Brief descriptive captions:
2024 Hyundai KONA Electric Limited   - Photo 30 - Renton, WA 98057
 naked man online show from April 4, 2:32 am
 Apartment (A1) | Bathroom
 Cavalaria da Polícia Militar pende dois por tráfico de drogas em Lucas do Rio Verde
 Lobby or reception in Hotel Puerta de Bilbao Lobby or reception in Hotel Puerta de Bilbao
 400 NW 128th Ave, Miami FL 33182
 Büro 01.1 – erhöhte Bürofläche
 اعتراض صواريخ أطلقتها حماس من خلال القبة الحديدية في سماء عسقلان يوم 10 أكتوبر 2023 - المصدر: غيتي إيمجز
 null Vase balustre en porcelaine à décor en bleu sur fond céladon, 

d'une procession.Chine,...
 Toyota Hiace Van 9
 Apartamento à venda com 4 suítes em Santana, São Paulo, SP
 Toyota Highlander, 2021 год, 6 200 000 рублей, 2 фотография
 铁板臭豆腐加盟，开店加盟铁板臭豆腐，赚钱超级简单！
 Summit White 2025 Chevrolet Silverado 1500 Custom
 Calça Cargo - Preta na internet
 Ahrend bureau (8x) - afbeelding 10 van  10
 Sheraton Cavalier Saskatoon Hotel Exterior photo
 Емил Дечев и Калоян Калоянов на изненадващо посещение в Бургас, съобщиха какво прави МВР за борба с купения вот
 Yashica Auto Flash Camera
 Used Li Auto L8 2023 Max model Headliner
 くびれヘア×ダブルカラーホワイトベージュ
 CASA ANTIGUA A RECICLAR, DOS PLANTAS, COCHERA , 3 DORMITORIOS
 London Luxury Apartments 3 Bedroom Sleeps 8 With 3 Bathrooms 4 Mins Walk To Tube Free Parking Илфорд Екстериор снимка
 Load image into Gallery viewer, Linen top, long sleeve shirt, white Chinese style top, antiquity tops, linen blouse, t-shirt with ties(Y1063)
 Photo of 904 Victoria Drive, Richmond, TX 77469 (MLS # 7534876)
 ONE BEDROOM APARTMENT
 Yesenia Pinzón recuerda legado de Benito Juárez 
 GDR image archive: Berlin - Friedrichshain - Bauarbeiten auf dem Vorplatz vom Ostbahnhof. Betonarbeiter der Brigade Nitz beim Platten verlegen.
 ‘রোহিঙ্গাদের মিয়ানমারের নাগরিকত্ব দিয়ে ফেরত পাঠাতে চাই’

- _REQUIREMENT_: From the first line to the last, retype the records exactly as they stand above.

- _SOLUTION FOR THIS PROBLEM_:
2024 Hyundai KONA Electric Limited   - Photo 30 - Renton, WA 98057
 naked man online show from April 4, 2:32 am
 Apartment (A1) | Bathroom
 Cavalaria da Polícia Militar pende dois por tráfico de drogas em Lucas do Rio Verde
 Lobby or reception in Hotel Puerta de Bilbao Lobby or reception in Hotel Puerta de Bilbao
 400 NW 128th Ave, Miami FL 33182
 Büro 01.1 – erhöhte Bürofläche
 اعتراض صواريخ أطلقتها حماس من خلال القبة الحديدية في سماء عسقلان يوم 10 أكتوبر 2023 - المصدر: غيتي إيمجز
 null Vase balustre en porcelaine à décor en bleu sur fond céladon, 

d'une procession.Chine,...
 Toyota Hiace Van 9
 Apartamento à venda com 4 suítes em Santana, São Paulo, SP
 Toyota Highlander, 2021 год, 6 200 000 рублей, 2 фотография
 铁板臭豆腐加盟，开店加盟铁板臭豆腐，赚钱超级简单！
 Summit White 2025 Chevrolet Silverado 1500 Custom
 Calça Cargo - Preta na internet
 Ahrend bureau (8x) - afbeelding 10 van  10
 Sheraton Cavalier Saskatoon Hotel Exterior photo
 Емил Дечев и Калоян Калоянов на изненадващо посещение в Бургас, съобщиха какво прави МВР за борба с купения вот
 Yashica Auto Flash Camera
 Used Li Auto L8 2023 Max model Headliner
 くびれヘア×ダブルカラーホワイトベージュ
 CASA ANTIGUA A RECICLAR, DOS PLANTAS, COCHERA , 3 DORMITORIOS
 London Luxury Apartments 3 Bedroom Sleeps 8 With 3 Bathrooms 4 Mins Walk To Tube Free Parking Илфорд Екстериор снимка
 Load image into Gallery viewer, Linen top, long sleeve shirt, white Chinese style top, antiquity tops, linen blouse, t-shirt with ties(Y1063)
 Photo of 904 Victoria Drive, Richmond, TX 77469 (MLS # 7534876)
 ONE BEDROOM APARTMENT
 Yesenia Pinzón recuerda legado de Benito Juárez 
 GDR image archive: Berlin - Friedrichshain - Bauarbeiten auf dem Vorplatz vom Ostbahnhof. Betonarbeiter der Brigade Nitz beim Platten verlegen.
 ‘রোহিঙ্গাদের মিয়ানমারের নাগরিকত্ব দিয়ে ফেরত পাঠাতে চাই’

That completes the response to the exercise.